Für eine erste Planung hilft ein neutraler Überblick zu betroffenen Bereichen, sichtbaren Feuchtespuren, Zugangszonen und der Ablaufkoordination. Relevant sind die Lage der betroffenen Leitungsbereiche, die Erreichbarkeit möglicher Messpunkte sowie Hinweise zur Wasserabstellung und zu Schutzmaßnahmen im Arbeitsbereich.
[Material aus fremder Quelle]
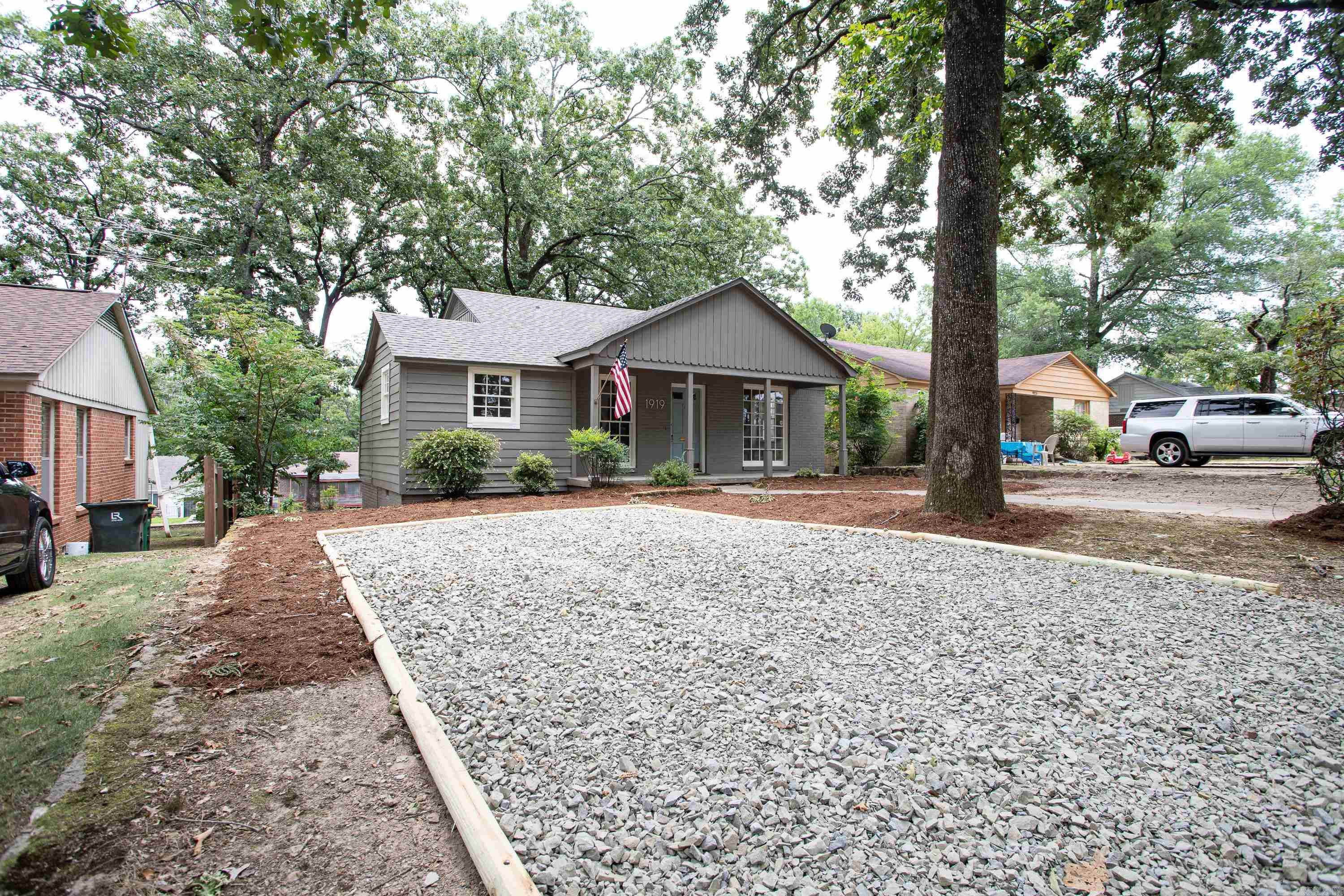 CHERRY & COX - Residential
Auch Materialführung, kritische Durchgänge und nutzbare Ablagebereiche sollten vorab kurz beschrieben werden. So bleibt der Aufwand nachvollziehbar und die Klärung kann mit passenden Eingaben vorbereitet werden.

Warum präzise Ortung zählt
Mit Messverfahren wird die Leckage eingegrenzt, bevor überhaupt geöffnet wird.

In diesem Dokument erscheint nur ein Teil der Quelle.